According to the study, service captivity is a form of customer vulnerability and thus, negative word-of-mouth is a way captive customers seek emotional support from others. By getting back to their social ties, these customers attempt to take control of their emotional wellbeing. In other words, captive customers will badmouth a business as a way of regaining some of their lost personal freedom.

From the preceding paragraphs, it is easy to assume that service captivity is an entirely negative phenomenon. To a large extent, it is. There are however times when the captivity of customers within the service relationship is not because there is only one business to deal with. There are times when there are other options but the captivity is self-imposed. There are times when the organisation offers something that is so wonderful that the customer becomes hooked. Although there might be other organisations that might be offering something similar, customers would not even look at those other options. That is what self-imposed service captivity looks like.

A study titled, How positive service experiences contribute to service captivity,” and published in the October 2021 edition of the Journal of Services Marketing, lent credence to this assertion. The study which was undertaken within the context of Australia’s financial services industry found that positive service experiences “contribute to the service captivity of some consumers, rendering alternative avenues less attractive.” In short, when a service becomes a life-saver for customers, those customers fall so in love with that offering that they make themselves captives. Among the things that made customers positively captive to the service according to the aforementioned Australian study were “accessible solutions, self-esteem, and a sense of control over their financial situation.”

Smart businesses understand the concept of positive captivity and so they ensure that they provide customers with the kind of experiences that customers will not receive anywhere else. These businesses know that great service can be so addictive that when customers get hooked on them, it will take some work to get them off it. These are the organisations that ensure that the whole organisation acts as a customer service department, with every individual primed to do his or her best to always give customers exceptionally excellent service. These organisations also know that they cannot afford to be complacent, so they ensure that every single day, they are putting in place measures to up their game.

Positive captivity can be so successful that it is important to drop a word of caution at this juncture. For organisations whose service quality is such that it positively “captures” customers, it is important that these organisations do not take advantage of these customers. Businesses must know that in a service captive situation, customers are actually in a very vulnerable state. Customers in a state of positive captivity will do anything to keep the relationship with the brand or organisation going. That will be a pretty good time for the organisation to try to take advantage of the customer. But that should not be the case. Integrity should always be a watchword when dealing with customers.
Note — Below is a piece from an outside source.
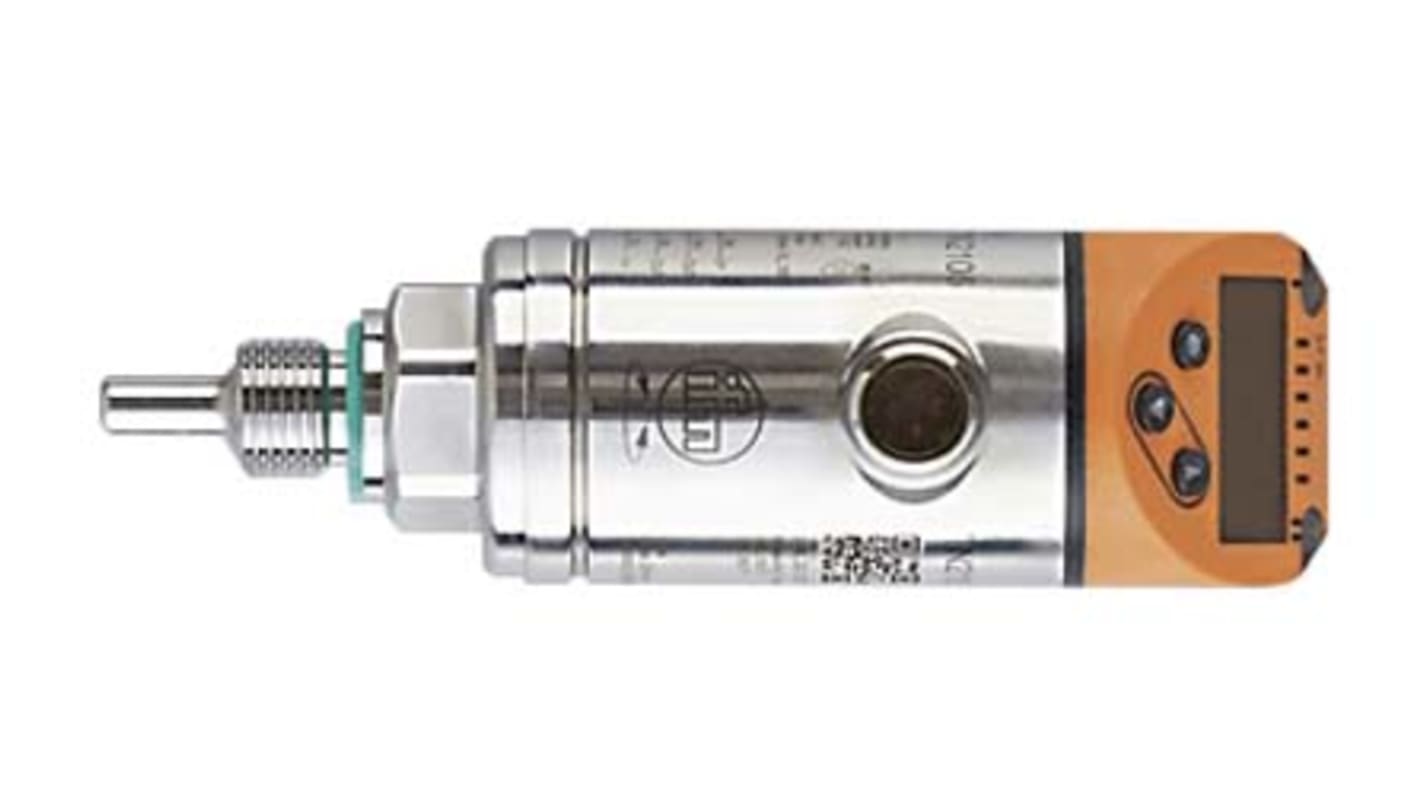 Sensor RTD PT1000 ifm electronic de 4 hilos, sonda: Ø 6mm, long. 25mm, temp. -50°C → +150°C, IO-Link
Service Captivity is a topic that might not feature high on the agenda of many organisations, for a number of reasons. The truth is that very few organisations can boast of being truly monopolistic. There is always a hard-charging competitor just around the corner. There is almost always an alternative to whatever offering is out there. Consequently, having captive customers just because that business is the only one in town is only a dream for many businesses.

However, as can be gleaned from the ongoing discussion, customers can become so captivated by the quality of a service that they would go out of their way to become captives to that service. This should be the aim of every single business, regardless of whether it is a monopoly or not. It does not matter how competitive the market is, if your services are superior, you will get captive customers. Customers should be so enamoured with the service they receive and the experience they have, that they should walk to the organisation and hand themselves over. That is what Positive Captivity is all about.